According to Erin Energy the decision to relinquish the two offshore blocks was in the company’s long-term best interest.
The company which is currently on an eighteen-month extension of the Initial Exploration Period (IEP) had earlier in February said it was running out of time on its quest to find a farm-in partner. Further the company had warned it was unlikely to meet its requirements unless a farm-in partner came on board.
The extension was also aimed at enabling the company evaluate these blocks, allow it to acquire 3D seismic data. The required work then it said would includes the acquisition, processing, and interpretation of 3D seismic data on both blocks.
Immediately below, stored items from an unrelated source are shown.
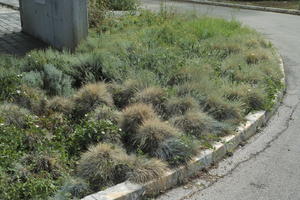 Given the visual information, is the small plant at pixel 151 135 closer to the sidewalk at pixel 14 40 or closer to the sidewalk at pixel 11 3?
the sidewalk at pixel 14 40

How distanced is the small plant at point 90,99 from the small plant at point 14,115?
68cm

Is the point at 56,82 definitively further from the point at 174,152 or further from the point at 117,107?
the point at 174,152

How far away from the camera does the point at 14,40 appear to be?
9422mm

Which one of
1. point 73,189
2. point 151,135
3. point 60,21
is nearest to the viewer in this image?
point 73,189

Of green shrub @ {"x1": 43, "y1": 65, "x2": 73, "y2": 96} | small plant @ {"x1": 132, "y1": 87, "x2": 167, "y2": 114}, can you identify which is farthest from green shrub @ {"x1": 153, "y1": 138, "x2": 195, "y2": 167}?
green shrub @ {"x1": 43, "y1": 65, "x2": 73, "y2": 96}

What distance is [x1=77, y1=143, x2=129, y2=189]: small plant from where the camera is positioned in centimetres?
389

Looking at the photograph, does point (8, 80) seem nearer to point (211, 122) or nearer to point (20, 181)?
point (20, 181)

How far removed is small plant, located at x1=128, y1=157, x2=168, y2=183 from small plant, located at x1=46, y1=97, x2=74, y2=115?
5.01 ft

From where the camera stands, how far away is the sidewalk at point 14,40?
8555 millimetres

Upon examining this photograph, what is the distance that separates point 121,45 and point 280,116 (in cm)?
306

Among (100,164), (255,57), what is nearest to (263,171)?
(100,164)

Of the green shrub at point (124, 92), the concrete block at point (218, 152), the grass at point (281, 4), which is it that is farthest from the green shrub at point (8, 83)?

The Company adds it continues to evaluate the prospectivity of identified leads on its onshore blocks (Blocks L1B and L16) and is currently designing an additional, targeted 2-D seismic acquisition on the blocks.
“Erin Energy has stated that the most prospective of its Kenya assets are its onshore blocks and has focused the majority of its work on these blocks,” Erin Energy said in a statement.
Before the announced relinquishment the company held 4 licenses and the single largest acreage by any single explorer in the Lamu Basin for a combined acreage of 36,913 km2 all awarded in May 2012.